The payment amount made by an individual each month is recorded over 6 consecutive time periods. To condense and get a better view of indiviudal average behaviour, I made a feature of the mean payment amount each month. To examine whether there was significant difference in the effect upon Default of payments closer to the Default period or those further away, I also took averages for the first 3 months (period A) and the last 3 months (period B).
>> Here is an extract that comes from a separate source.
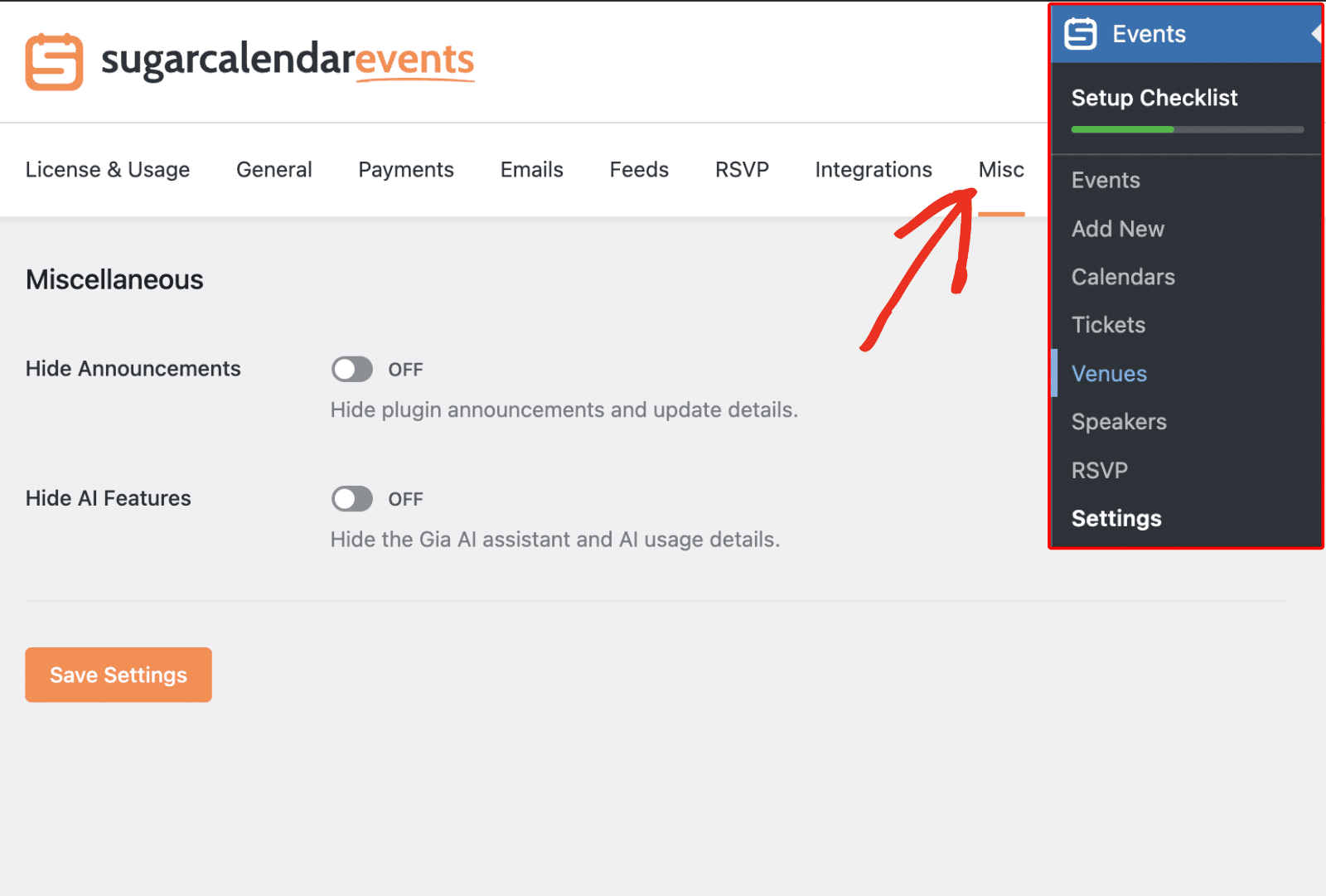 Sugar Calendar Events Miscellaneous settings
Any siginifcant difference or, perhaps more importantly, lack of difference may indicate that likelihood of default can be spotted looking further back in time looking out to 4-6 months in advance.

In [5]:
df['PAY_AMT_AVG_FULL'] = (df['PAY_AMT1'] + df['PAY_AMT2'] + df['PAY_AMT3'] + df['PAY_AMT4'] + df['PAY_AMT5'] + df['PAY_AMT6']) / 6
df['PAY_AMT_AVG_A'] = (df['PAY_AMT1'] + df['PAY_AMT2'] + df['PAY_AMT3']) / 3
df['PAY_AMT_AVG_B'] = (df['PAY_AMT4'] + df['PAY_AMT5'] + df['PAY_AMT6']) / 3

Using the same intuition as above, I repeated the process for the amount that an individual is billed each month over the 6 recorded periods.

In [6]:
df['BILL_AMT_AVG_FULL'] = (df['BILL_AMT1'] + df['BILL_AMT2'] + df['BILL_AMT3'] + df['BILL_AMT4'] + df['BILL_AMT5'] + df['BILL_AMT6']) / 6
df['BILL_AMT_AVG_A'] = (df['BILL_AMT1'] + df['BILL_AMT2'] + df['BILL_AMT3']) / 3
df['BILL_AMT_AVG_B'] = (df['BILL_AMT4'] + df['BILL_AMT5'] + df['BILL_AMT6']) / 3

I repeated again for the repayment score. As a recap, this was a score inferred from the original data set; a higher score indicating that the individual has delayed payment for a greater amount of months (delay being distinct from actual default) and a lower score little or no delay in payment.

In [7]:
df['REPAY_AVG_FULL'] = (df['PAY_1'] + df['PAY_2'] + df['PAY_3'] + df['PAY_4'] + df['PAY_5'] + df['PAY_6']) / 6
df['REPAY_AVG_A'] = (df['PAY_1'] + df['PAY_2'] + df['PAY_3']) / 3
df['REPAY_AVG_B'] = (df['PAY_4'] + df['PAY_5'] + df['PAY_6']) / 3

Conventional wisdom would suggest that the bill amount requires further context in explaining the likelihood of Default, particularly is reltaion to the individual's ability to pay the bill. The Limit Amount on an individual's account is our best estimator here of their ability to pay (as judged by the credit card company), so it is interesting to look at the size of the bill with that in mind. I looked at the ratio between the two and took averages as with the previous explanatory variables above.

In [8]:
df['BILL_LIMIT_RAT_1'] = df['BILL_AMT1'] / df['LIMIT_BAL']
df['BILL_LIMIT_RAT_2'] = df['BILL_AMT2'] / df['LIMIT_BAL']
df['BILL_LIMIT_RAT_3'] = df['BILL_AMT3'] / df['LIMIT_BAL']
df['BILL_LIMIT_RAT_4'] = df['BILL_AMT4'] / df['LIMIT_BAL']
df['BILL_LIMIT_RAT_5'] = df['BILL_AMT5'] / df['LIMIT_BAL']
df['BILL_LIMIT_RAT_6'] = df['BILL_AMT6'] / df['LIMIT_BAL']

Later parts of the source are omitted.